Both of Classic’s songs, If Yuh Don’t Know and Divorce were very melodious. But so too are most nursery rhymes. The latter song is unvaryingly jingly in its rhythm and pattern of pitch. With the fifth place performer garnering 63 points, it would have been interesting to learn last night how many Classic received. His rendition was so-so, the lyrics were so-so, the melodies were so-so and the arrangements were so-so. But so-so was not enough to get him out of the bottom half of the line-up.

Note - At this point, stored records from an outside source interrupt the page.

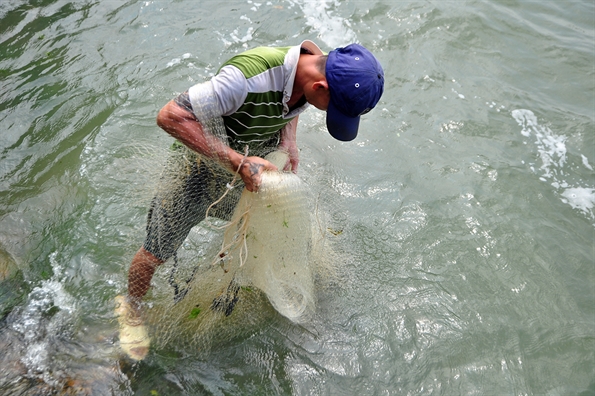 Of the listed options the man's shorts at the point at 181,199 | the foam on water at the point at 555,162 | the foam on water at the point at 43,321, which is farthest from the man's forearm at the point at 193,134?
the foam on water at the point at 555,162

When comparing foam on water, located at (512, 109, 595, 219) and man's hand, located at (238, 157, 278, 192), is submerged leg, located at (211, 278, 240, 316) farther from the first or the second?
foam on water, located at (512, 109, 595, 219)

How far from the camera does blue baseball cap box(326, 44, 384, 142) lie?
8.25 feet

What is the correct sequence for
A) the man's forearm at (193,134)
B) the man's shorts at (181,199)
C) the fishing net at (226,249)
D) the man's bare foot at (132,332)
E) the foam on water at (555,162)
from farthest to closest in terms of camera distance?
the foam on water at (555,162) < the man's bare foot at (132,332) < the man's shorts at (181,199) < the fishing net at (226,249) < the man's forearm at (193,134)

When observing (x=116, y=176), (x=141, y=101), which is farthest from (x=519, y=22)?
(x=116, y=176)

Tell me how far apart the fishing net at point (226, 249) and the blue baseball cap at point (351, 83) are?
0.46 meters

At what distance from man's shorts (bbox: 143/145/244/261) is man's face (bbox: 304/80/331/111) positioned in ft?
2.13

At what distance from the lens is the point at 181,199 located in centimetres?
303

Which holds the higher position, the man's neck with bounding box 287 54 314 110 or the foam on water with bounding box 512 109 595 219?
the man's neck with bounding box 287 54 314 110

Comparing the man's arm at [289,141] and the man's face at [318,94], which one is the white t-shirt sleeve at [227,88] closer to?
the man's face at [318,94]

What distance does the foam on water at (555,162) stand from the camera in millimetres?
5023

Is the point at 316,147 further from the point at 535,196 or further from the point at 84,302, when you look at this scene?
the point at 84,302

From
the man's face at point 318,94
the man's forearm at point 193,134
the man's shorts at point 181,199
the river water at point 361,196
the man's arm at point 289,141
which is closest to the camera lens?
the man's forearm at point 193,134

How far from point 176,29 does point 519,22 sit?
4868 millimetres

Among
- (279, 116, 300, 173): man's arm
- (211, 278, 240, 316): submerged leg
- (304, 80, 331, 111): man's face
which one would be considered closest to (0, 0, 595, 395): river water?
(211, 278, 240, 316): submerged leg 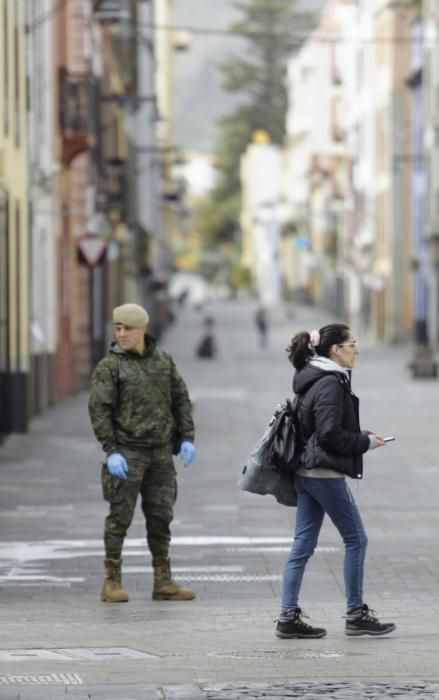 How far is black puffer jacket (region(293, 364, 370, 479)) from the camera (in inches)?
446

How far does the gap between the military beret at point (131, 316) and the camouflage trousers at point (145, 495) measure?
0.73m

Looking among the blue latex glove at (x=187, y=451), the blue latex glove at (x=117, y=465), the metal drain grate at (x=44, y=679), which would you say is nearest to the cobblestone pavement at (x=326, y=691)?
the metal drain grate at (x=44, y=679)

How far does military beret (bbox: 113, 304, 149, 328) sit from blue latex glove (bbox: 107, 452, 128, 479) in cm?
74

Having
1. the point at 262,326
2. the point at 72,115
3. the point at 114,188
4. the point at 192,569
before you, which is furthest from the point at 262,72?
the point at 192,569

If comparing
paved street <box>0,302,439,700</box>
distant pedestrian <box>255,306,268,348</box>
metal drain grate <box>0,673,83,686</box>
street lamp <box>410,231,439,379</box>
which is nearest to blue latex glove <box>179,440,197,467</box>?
paved street <box>0,302,439,700</box>

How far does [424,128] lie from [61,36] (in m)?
35.2

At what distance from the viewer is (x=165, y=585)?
43.0ft

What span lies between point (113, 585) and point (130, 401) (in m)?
1.08

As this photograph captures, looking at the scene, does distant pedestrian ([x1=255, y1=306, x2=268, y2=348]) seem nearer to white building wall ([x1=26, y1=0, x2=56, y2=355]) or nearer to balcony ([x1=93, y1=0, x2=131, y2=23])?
balcony ([x1=93, y1=0, x2=131, y2=23])

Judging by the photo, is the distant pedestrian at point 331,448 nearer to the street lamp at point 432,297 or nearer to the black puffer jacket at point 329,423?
the black puffer jacket at point 329,423

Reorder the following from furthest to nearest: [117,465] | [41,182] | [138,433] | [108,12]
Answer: [108,12] → [41,182] → [138,433] → [117,465]

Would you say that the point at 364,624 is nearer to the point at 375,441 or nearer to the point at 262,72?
the point at 375,441

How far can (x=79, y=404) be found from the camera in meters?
37.3

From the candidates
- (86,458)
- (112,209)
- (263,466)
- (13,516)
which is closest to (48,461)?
(86,458) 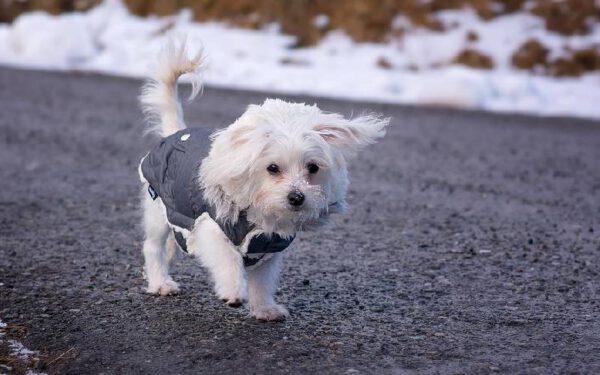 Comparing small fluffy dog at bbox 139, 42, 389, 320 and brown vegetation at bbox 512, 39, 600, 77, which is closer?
small fluffy dog at bbox 139, 42, 389, 320

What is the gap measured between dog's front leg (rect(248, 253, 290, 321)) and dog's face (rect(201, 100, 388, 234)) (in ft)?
1.22

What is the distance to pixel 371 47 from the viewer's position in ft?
69.1

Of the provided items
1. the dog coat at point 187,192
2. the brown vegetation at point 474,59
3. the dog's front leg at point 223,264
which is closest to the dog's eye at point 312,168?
the dog coat at point 187,192

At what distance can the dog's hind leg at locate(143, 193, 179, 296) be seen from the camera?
5848mm

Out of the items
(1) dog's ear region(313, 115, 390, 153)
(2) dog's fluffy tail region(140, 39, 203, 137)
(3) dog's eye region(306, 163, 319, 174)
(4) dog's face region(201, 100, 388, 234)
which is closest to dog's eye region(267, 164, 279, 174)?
(4) dog's face region(201, 100, 388, 234)

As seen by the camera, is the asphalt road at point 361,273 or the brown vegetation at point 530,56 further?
the brown vegetation at point 530,56

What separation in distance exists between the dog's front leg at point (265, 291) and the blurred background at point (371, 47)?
10.4 metres

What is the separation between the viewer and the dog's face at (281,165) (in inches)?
192

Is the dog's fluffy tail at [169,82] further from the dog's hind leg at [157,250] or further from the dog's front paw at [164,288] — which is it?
the dog's front paw at [164,288]

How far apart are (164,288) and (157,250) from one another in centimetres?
26

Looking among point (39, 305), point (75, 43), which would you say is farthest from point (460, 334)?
point (75, 43)

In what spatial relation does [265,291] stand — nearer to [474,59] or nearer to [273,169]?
[273,169]

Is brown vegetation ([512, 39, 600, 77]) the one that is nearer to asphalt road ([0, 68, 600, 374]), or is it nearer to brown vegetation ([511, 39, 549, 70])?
brown vegetation ([511, 39, 549, 70])

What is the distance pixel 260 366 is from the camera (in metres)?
4.56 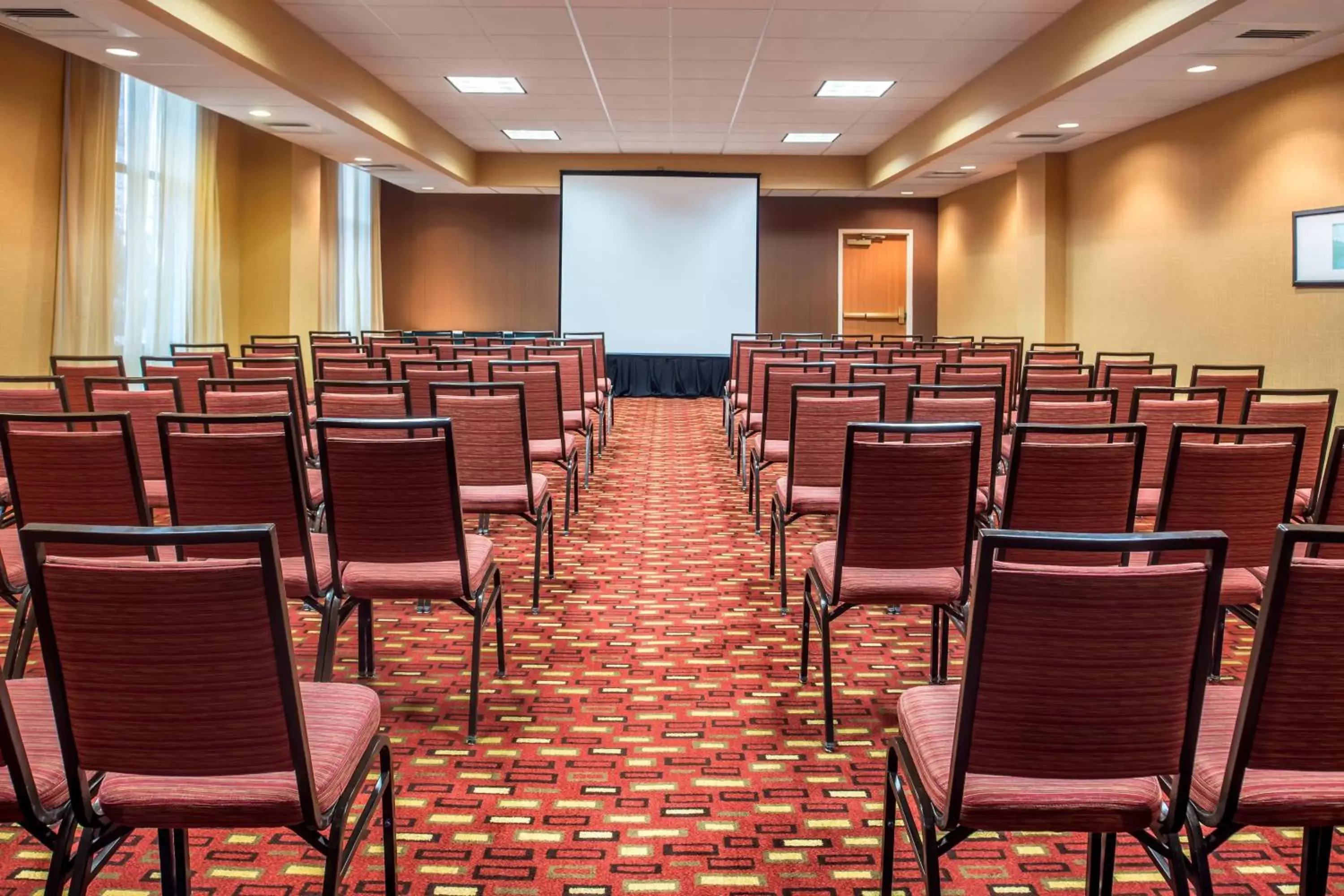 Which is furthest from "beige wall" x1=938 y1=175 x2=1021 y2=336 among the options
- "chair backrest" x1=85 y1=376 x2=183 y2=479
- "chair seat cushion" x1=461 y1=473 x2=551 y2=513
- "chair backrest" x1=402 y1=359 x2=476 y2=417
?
"chair backrest" x1=85 y1=376 x2=183 y2=479

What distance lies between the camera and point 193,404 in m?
5.18

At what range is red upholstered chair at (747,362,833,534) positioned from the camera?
5.09 m

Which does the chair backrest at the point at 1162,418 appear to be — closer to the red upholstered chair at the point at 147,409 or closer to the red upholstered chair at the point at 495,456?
the red upholstered chair at the point at 495,456

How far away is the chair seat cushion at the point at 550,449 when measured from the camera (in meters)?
5.02

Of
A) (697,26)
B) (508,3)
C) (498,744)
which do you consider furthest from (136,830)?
(697,26)

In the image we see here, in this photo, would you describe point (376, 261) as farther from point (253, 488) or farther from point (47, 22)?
point (253, 488)

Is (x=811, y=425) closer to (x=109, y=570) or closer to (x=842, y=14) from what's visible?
Result: (x=109, y=570)

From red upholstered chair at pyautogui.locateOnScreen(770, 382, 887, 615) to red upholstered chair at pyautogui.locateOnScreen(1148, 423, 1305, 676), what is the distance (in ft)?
4.35

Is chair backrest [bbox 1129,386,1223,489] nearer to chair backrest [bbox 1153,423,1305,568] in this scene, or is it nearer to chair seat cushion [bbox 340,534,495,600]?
chair backrest [bbox 1153,423,1305,568]

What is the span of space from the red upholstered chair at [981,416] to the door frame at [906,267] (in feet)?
45.3

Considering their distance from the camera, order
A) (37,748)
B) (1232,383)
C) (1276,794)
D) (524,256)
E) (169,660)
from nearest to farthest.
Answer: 1. (169,660)
2. (1276,794)
3. (37,748)
4. (1232,383)
5. (524,256)

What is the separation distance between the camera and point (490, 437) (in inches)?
154

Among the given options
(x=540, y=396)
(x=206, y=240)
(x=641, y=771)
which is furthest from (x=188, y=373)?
(x=206, y=240)

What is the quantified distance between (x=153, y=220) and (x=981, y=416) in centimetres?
870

Aziza was dethroned but certainly not disgraced. She has a beautiful voice and her nation-building number We Still Standing Tall was a good effort in the first half on most of the judging counts. However, the quality of her rendition noticeably dropped in her second offering, The United Caribbean. This was a shame as once again the selection was quite pleasing in terms of its lyrics and melody.
Observer’s first half performance of Patriot was pure quality. But it seemed almost predictable that he would have issues with Socio-Party in the second half. Several listeners have had a problem with it from the start of the season and the genesis of that is in the writing. Perhaps, rather than use three or even four-syllabic words or just too many words in some of the lines, he could have used other shorter, less verbose options. This would have assisted in the rendition of the song, as that was the main problem to the ear. At times the lyrics were lost as he raced to keep in sync with the band. But overall, Observer could feel quite pleased with his return after a hiatus of more than a decade. He is a class act.
The musical accompaniment provided by the band was brilliant and emcee Mac Fingal kept the show moving adequately. However, his [or whoever’s] decision it was to transform the waiting period for the results from a calypso night into Q In The Community was ridiculous. If he felt in a nostalgic mood, maybe some Jack, Count The Cost, They Want To Know, Bag Of Riddles or Mr Harding would have been a wiser move. But an interlude of Una Mas from Daniel O’Donnell, Your Man from Josh Turner, and songs from other country and western crooners was utter nonsense, perhaps only outdone by the cramped and ill-conceived positioning of accommodations provided for the media.